The higher exemption means that individuals with estates below $15 million will owe no federal estate tax at death, making the stepped-up basis benefit even more powerful since heirs receive assets at fair market value without any offsetting estate tax liability.
The Legislative Pushback in 2026

A recent proposal would raise taxes on capital gains for incomes above $1 million, close inheritance and real-estate loopholes long used by the ultrawealthy, and generate an estimated $300 billion over a decade. Supporters argue this would correct a tax system that disproportionately rewards passive wealth over earned income.
A newly proposed bill would add the requirement that a GRAT must have a minimum term of fifteen years and a maximum term of the life expectancy of the annuitant plus ten years. If passed, this change would significantly reduce the effectiveness of the short-term rolling GRAT strategies that wealthy families currently favor.

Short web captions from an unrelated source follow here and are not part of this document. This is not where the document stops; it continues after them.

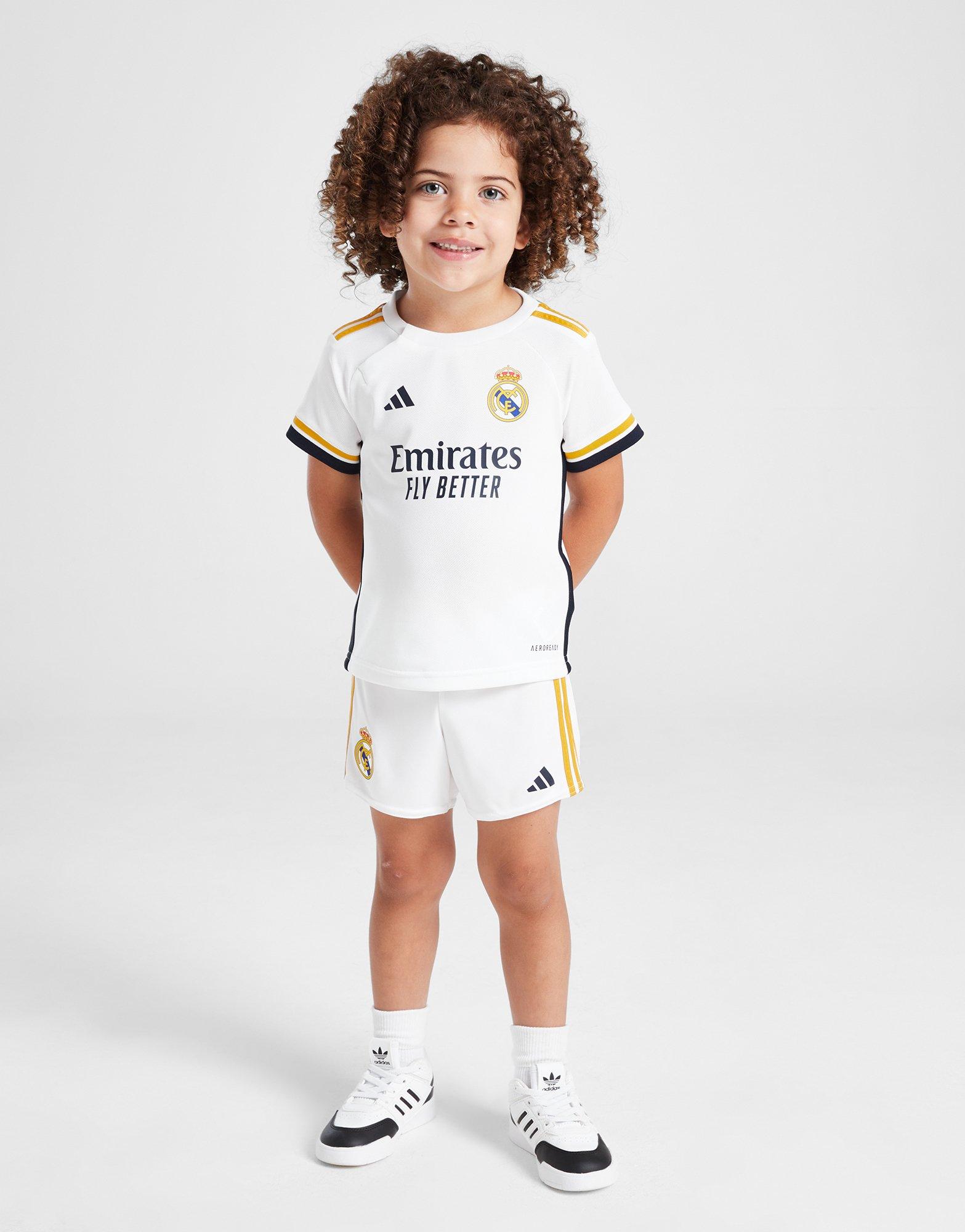 2023 2024 Kids Jersey Set Real Madrid Football Jersey with Pants Suit  Children Soccer Jersey Suit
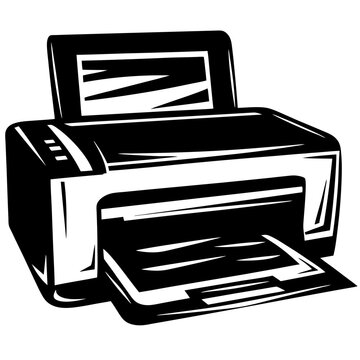 black and white printer printing paper clip art preview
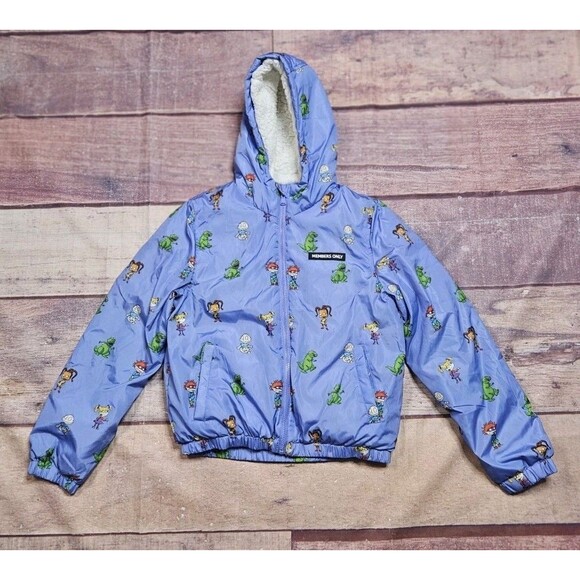 Rugrats Puffer Coat Sherpa Members Only Nickelodeon Full Zipper Kids Size Medium - Picture 1 of 8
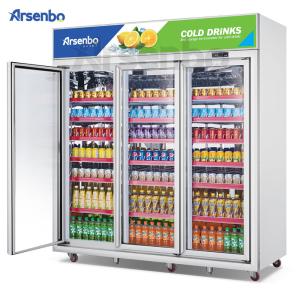 China 110V 60Hz Commercial Cold Drink Fridge , Luster Plate Retail Beverage Refrigerator factory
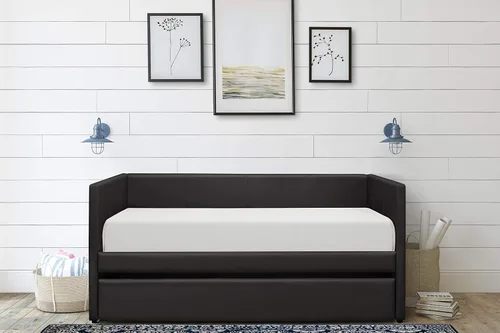 Vista 7 de Lexicon Sofá cama doble con nido, tapicería de piel sintética, color negro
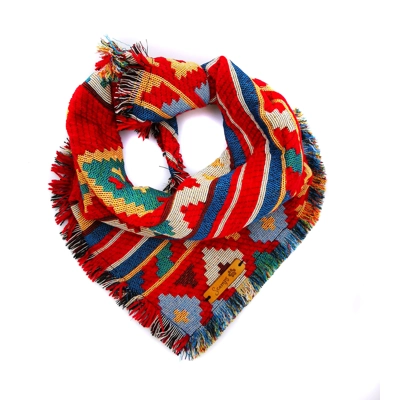Frayed Red Boho Cherokee Bandana - Scamps Frayed Red Boho Cherokee Bandana - Scamps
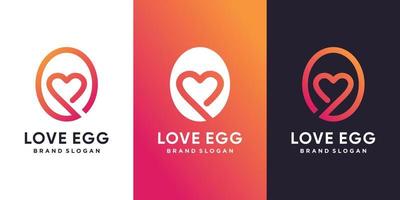 plantilla de logotipo de huevo de amor con vector premium de concepto de arte de línea moderna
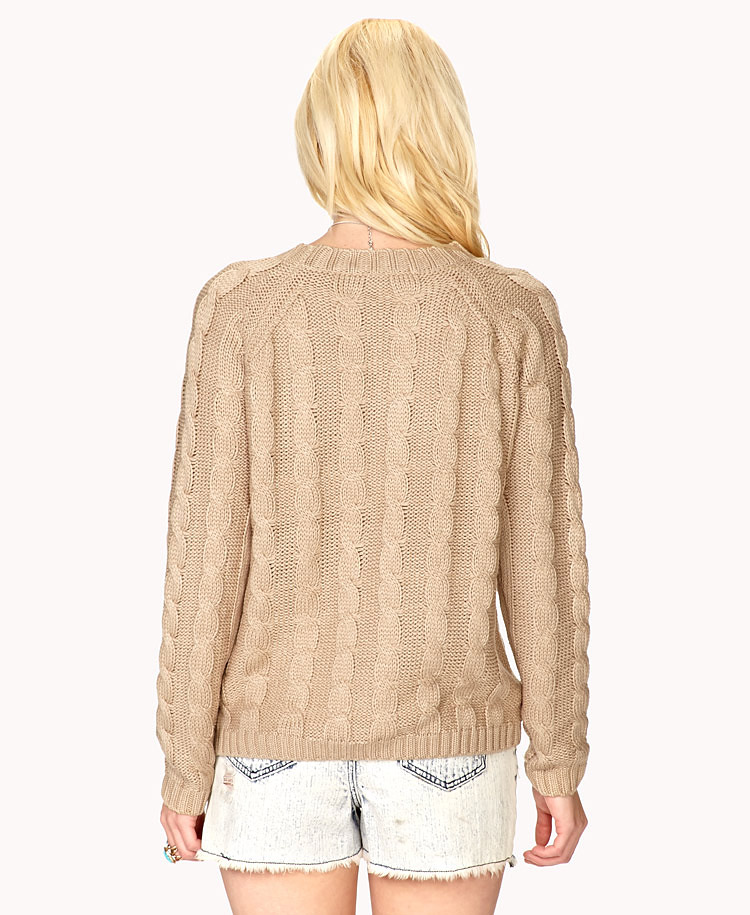 Lyst Forever 21 Cable Knit Raglan Sweater in Natural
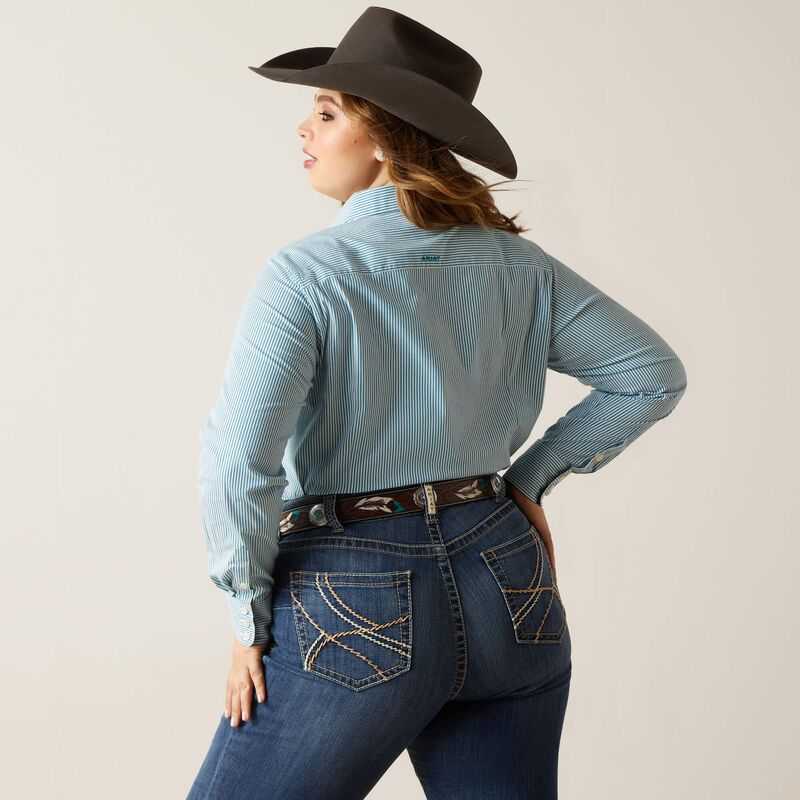 Ariat Kirby Stretch Shirt Turquoise Stripes | 965OZSUWE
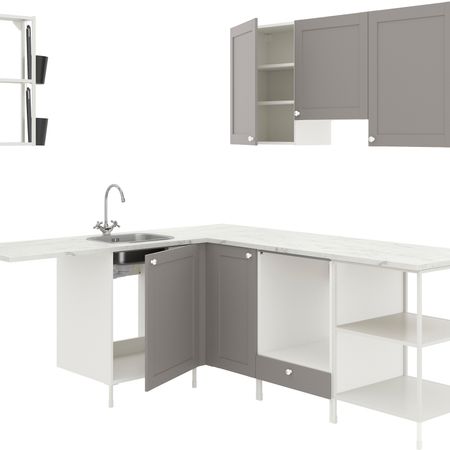 Угловая кухня, белый, серый каркас IKEA BEGIVENHET БЕГИВЕНХЕТ 293.379.97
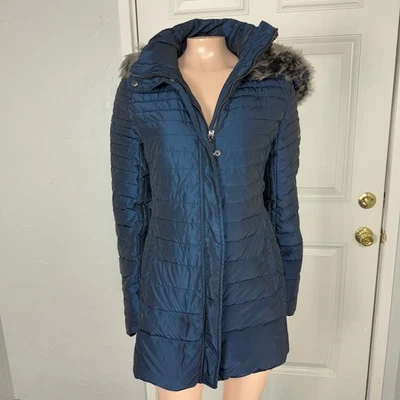Armani Jeans Women's Jacket 6 Puffer Down Faux fur Hood Quilted Taffeta Coat - Image 1 of 4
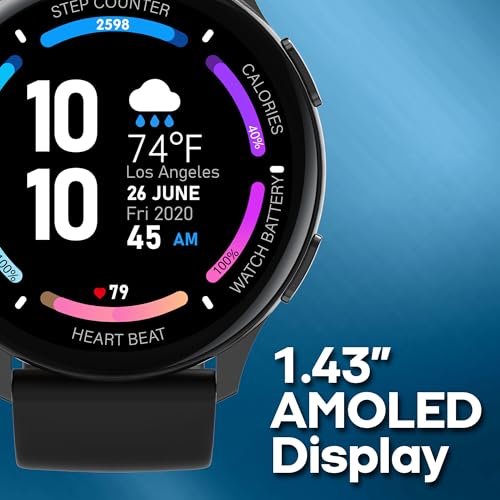 3Plus Callie Smartwatch with 1.43" Round AMOLED Display/Answer & Make Calls/Sleep Monitoring/Heart Rate/IP68 Waterproof/10...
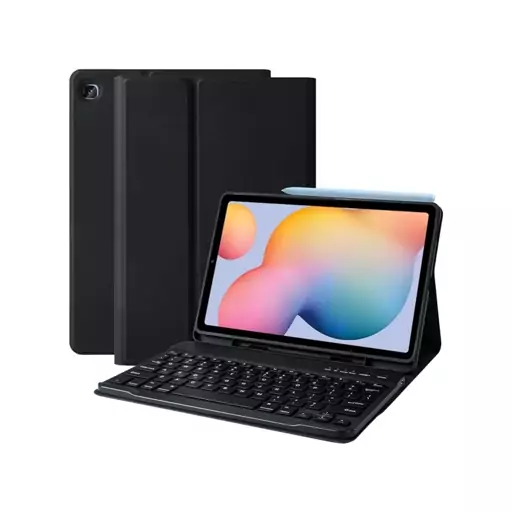 کیف کلاسوری کیبوردار smart keyboard مناسب Galaxy Tab s6lite p610-p613-p615-p619-p625باجای قلم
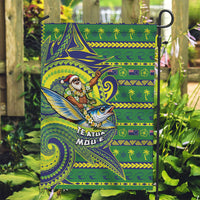 Cook Islands Christmas Garden Flag Santa Riding Flying Fish DT05 Garden Flag Green - Polynesian Pride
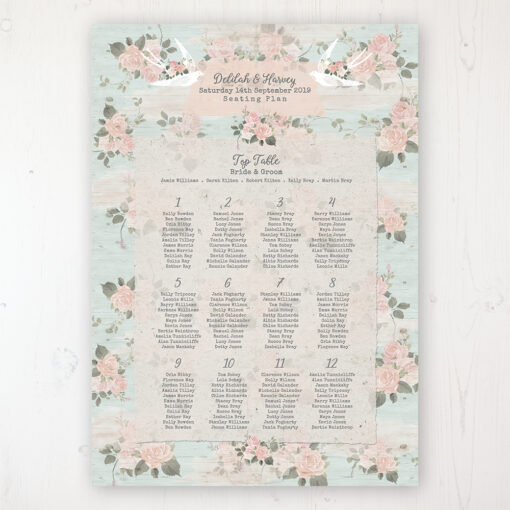 Dancing Swallows Wedding Table Plan Poster Personalised with Table and Guest Names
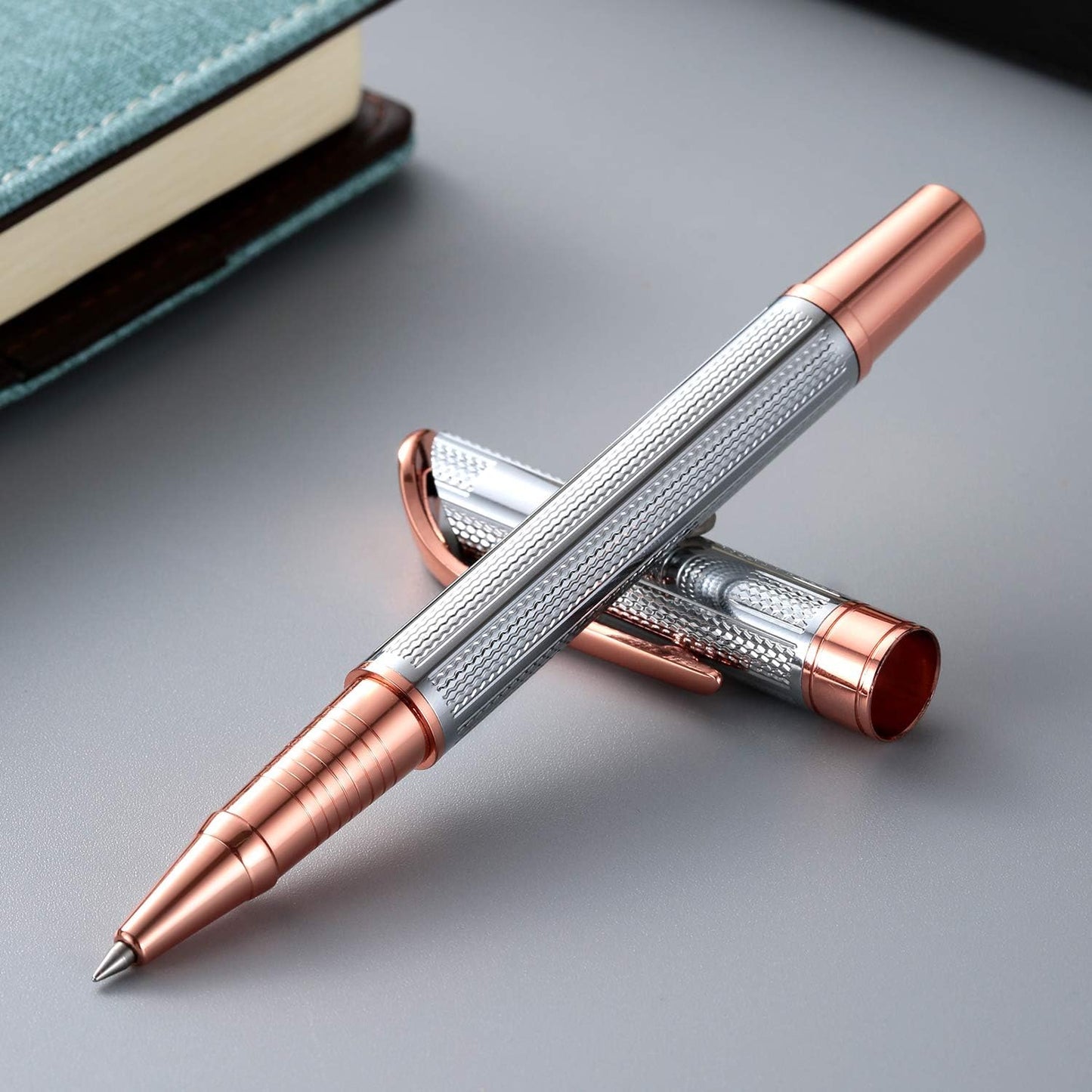 Penneed Rollerball Pen Liquid Ink Pens for Women Luxury Box Gel Pen Black Ink Fancy Pen Refillable for Executive, Office, Professional, Birthday Gift G5 (Rose Gold)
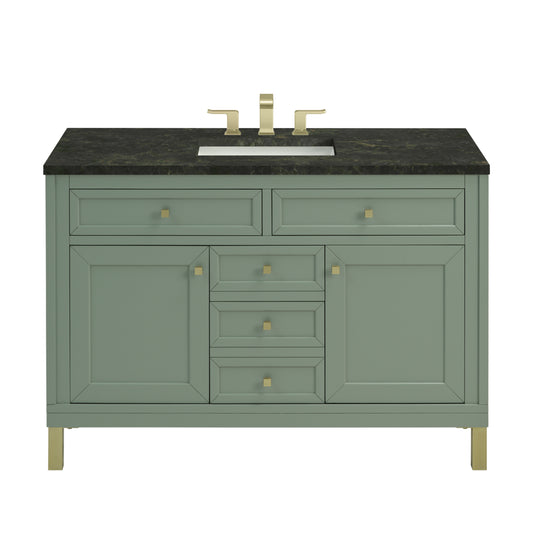 James Martin Vanities Chicago 48" Smokey Celadon Single Vanity With 3 CM Phantome Eclos Top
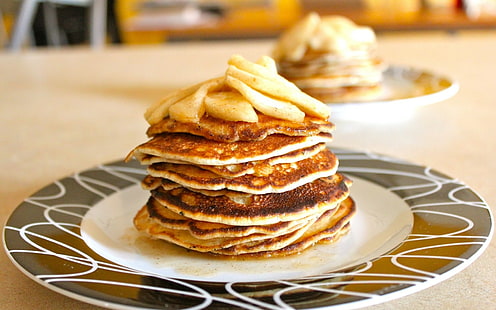 Pfannkuchen, Frühstück, Haufen, Teller, HD-Hintergrundbild HD wallpaper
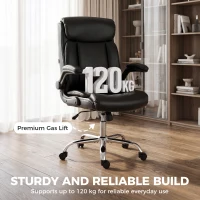 HOMCOM Chaise Bureau Ergonomique avec Accoudoirs Relevables, Fauteuil de Bureau en PU, Hauteur Réglable, Fonction Bascule, Noir(m-8)
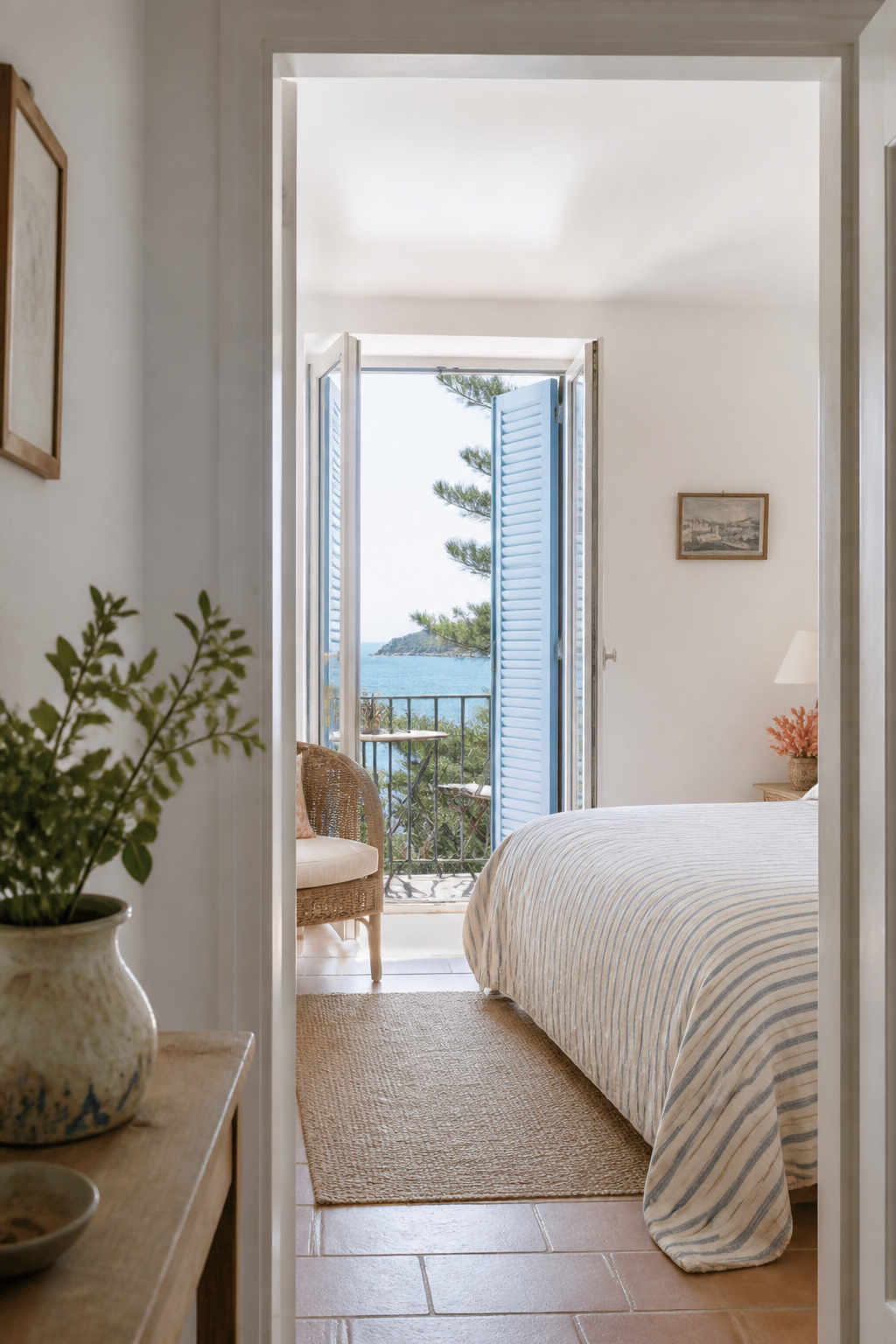 Chambre d’hôtel lumineuse en Méditerranée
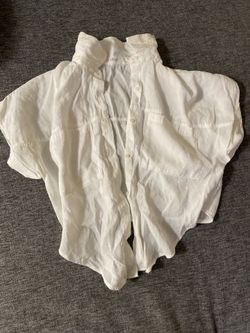 Zara White Cropped Flannel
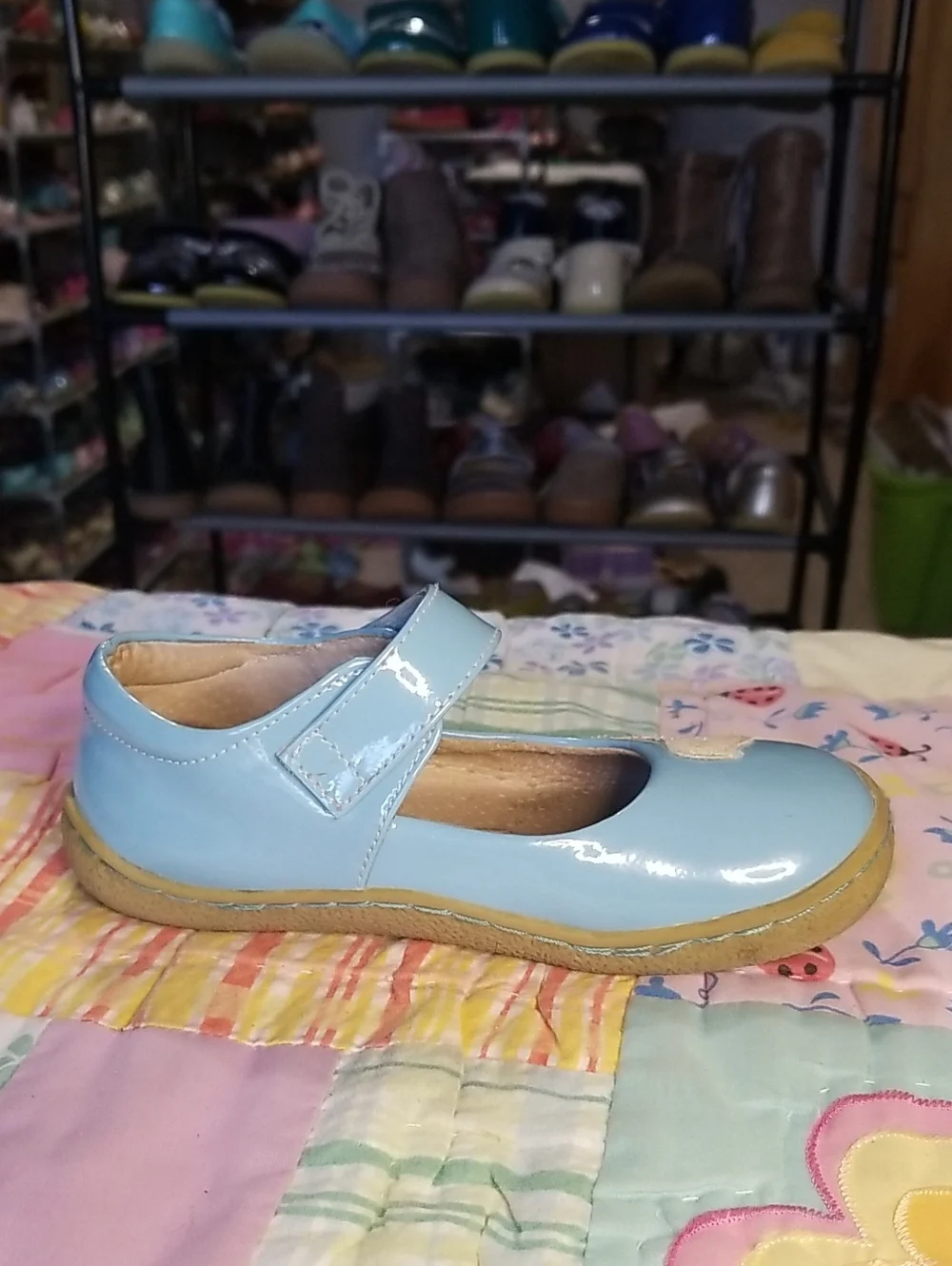 Livie & Luca Light Blue Patent Leather Mary Jane W/Glitter Bird Size 11 Pio Pio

Yet within a political system still structured around donor influence, lobbying power, and entrenched protections for concentrated wealth, measures like these face steep limits in how far they can realistically shift the balance. Reform proposals consistently surface and consistently struggle to advance.
What This Means for the Tax Gap and Wealth Inequality

Stepped-up basis helps create economic dynasties because lucky descendants can inherit a fortune of investment gains and not pay a penny of tax on them. Over time, this is not just a tax issue. It’s a structural force shaping the concentration of wealth across American society.
Fewer than one in a thousand estates pay any federal estate tax at all, so most huge inheritances glide through without tax. The system’s reach is narrow at the top, but its consequences are broad for everyone else.
Taken together, these strategies let billionaires enjoy large sums of cash for living expenses without triggering taxable income. They keep their wealth invested, growing untaxed, and pass it on tax-free. A recent analysis notes that under this system, wealthy families can live off their expanding fortunes essentially indefinitely.
The inheritance loophole is not one rule but a system of interlocking provisions, each legal on its own, that together create an almost seamless pathway for dynastic wealth. The stepped-up basis erases decades of gains at death. The GRAT moves appreciation out of the taxable estate before death. The dynasty trust keeps assets outside the transfer tax system for generations. None of this requires secrecy or deception. It requires knowing the rules better than almost anyone else does. Whether those rules remain intact or are finally reformed will say a great deal about what kind of economy the United States intends to be in the decades ahead.